Women and Early America

Guest Editor: Tamara Harvey

In many ways, the study of women and the early Americas has never been more robust. Work on women throughout the Americas, including European, African, and native women, both free and enslaved, has profited from decades of ground-breaking scholarly attention not only to those whose names appeared on the title pages of books, but to women whose texts were hidden in the works of others, stagnating in untapped manuscript archives, or awaiting interpretive methodologies that could address oral and material texts. And yet in the metaphors of maps and routes that frequently dominate the emerging fields of Atlantic, transnational, and hemispheric studies, women can seem to be pushed to the margins, left to lounge in the cartouches of mappae mundi or to stand duty as figureheads on the bows of ships. That is to say, while their presence is acknowledged, the way that presence might require these studies to be revised, rethought, and retheorized remains to be fully engaged.

In their introduction to Women, Religion, and the Atlantic World (1600-1800), Daniella Kostroun and Lisa Vollendorf suggest that attention to women and gender may fruitfully "expand[ ] the rubric of the Atlantic community into a more global community" (6). "Expanding the rubrics" of transatlantic and hemispheric studies, of feminism and the study of American women writers, of attentions to slavery, racism, and uneven cross-cultural exchanges is the aim of this special issue of Legacy focusing on women and early America. Of particular interest are articles that explore how we conceive of the connections and dissonances among various approaches to early American women and other fields, including transatlantic, hemispheric, and economic studies, recent discussions of women and the archives, and approaches to American women writers and feminism more broadly conceived, while expanding and bringing nuance to our understanding of early American women in ways that attend to a range of differences and power disparities. In short, how does attention to women and gender revise and sharpen the shifting paradigms shaping our understanding of the Americas before 1820?

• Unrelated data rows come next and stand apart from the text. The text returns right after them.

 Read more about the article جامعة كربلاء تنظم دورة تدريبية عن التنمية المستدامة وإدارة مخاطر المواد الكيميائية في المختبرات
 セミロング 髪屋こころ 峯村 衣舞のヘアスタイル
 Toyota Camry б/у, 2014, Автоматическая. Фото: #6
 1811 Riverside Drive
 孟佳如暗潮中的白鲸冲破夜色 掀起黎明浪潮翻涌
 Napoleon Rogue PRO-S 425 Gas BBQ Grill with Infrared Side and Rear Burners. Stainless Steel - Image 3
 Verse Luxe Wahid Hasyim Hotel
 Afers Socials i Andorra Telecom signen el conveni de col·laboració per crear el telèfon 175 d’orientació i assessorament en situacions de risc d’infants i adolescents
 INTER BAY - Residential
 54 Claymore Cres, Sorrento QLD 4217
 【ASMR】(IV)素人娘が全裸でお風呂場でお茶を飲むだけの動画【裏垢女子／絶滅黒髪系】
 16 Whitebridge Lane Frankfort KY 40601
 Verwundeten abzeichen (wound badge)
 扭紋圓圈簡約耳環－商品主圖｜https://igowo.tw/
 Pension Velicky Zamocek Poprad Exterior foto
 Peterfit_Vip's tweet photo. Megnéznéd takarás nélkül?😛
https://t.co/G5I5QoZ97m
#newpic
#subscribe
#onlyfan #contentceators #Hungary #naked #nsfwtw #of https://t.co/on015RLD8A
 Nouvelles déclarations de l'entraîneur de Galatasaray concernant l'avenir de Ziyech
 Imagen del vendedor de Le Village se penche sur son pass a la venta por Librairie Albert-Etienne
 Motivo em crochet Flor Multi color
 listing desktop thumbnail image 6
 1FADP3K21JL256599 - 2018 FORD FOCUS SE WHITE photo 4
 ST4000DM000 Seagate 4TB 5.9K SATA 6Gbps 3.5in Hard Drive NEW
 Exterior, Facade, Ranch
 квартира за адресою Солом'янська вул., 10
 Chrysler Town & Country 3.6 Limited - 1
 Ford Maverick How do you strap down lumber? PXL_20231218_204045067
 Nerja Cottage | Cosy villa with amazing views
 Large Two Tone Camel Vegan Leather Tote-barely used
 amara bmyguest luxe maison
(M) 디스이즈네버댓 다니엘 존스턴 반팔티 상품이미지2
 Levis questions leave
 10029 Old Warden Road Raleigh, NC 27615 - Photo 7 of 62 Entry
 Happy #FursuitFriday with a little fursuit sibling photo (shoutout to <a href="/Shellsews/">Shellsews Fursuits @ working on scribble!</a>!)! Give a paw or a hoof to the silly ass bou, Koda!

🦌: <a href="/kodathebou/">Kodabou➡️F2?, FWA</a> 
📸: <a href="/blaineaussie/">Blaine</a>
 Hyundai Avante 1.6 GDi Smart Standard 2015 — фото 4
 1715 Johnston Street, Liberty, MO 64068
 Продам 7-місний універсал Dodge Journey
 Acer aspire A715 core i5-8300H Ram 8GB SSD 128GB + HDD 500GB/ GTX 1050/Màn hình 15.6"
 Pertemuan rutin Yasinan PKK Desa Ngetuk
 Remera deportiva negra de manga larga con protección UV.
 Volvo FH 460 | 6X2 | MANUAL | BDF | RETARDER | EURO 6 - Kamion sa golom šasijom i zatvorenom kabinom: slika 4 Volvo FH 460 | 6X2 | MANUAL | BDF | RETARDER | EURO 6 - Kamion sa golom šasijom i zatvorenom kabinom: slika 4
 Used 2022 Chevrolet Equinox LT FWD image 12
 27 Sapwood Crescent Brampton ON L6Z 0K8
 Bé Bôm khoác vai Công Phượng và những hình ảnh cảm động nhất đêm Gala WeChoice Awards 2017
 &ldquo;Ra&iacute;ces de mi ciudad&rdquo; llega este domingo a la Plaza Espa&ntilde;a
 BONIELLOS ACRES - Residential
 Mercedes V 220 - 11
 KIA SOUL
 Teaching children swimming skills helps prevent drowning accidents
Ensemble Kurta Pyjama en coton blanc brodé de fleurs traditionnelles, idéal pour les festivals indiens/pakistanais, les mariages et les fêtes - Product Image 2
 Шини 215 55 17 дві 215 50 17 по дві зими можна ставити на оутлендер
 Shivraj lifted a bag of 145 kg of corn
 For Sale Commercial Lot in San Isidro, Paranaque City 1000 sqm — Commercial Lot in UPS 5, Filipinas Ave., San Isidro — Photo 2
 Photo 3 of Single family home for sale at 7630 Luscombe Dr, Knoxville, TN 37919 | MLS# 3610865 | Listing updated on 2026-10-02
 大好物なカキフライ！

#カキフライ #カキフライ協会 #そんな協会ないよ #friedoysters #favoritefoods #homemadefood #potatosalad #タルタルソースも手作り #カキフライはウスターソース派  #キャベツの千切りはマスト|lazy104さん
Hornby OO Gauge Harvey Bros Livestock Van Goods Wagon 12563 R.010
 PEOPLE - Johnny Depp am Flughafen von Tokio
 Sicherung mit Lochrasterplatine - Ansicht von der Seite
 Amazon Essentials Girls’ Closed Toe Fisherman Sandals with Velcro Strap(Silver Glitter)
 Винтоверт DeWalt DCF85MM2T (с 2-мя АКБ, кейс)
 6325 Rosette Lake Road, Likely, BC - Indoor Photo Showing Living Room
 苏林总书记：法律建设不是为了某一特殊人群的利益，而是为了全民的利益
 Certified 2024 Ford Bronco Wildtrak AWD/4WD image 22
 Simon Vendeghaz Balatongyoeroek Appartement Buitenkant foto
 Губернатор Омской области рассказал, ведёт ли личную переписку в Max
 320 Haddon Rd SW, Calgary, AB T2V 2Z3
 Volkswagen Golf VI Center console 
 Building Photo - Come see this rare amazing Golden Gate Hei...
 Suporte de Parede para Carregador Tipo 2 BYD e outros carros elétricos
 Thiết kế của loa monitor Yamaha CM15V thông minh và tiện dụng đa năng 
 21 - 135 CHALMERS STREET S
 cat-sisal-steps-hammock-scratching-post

Topics might include discussions of women and gender with respect to the following, any of which may be explored with respect to Native Indian, African, and European women, both free and enslaved:
* Colonization and empire
* Economic paradigms and activities
* Religion
* Commercial and preservation relationships to nature and land
* Politics and practices of the archives
* Interdisciplinary and comparative studies
* Formulations of feminism
* Approaches to encounter, syncretism, and other ways of conceiving transcultural dynamics
* Sexuality
* Travel, immigration, and diaspora
* Oral and non-textual discursive practices
* Considerations of ethics and social justice
Deadline: Completed papers, formatted using MLA style, should be submitted by June 21, 2010. Submissions should focus substantially on periods before 1820 and may be no longer than 10,000 words, including documentation. Send inquires and submissions to Tamara Harvey, Dept. of English, George Mason University, 4400 University Dr., MS 3E4, Fairfax, VA 22030 or tharvey2@gmu.edu.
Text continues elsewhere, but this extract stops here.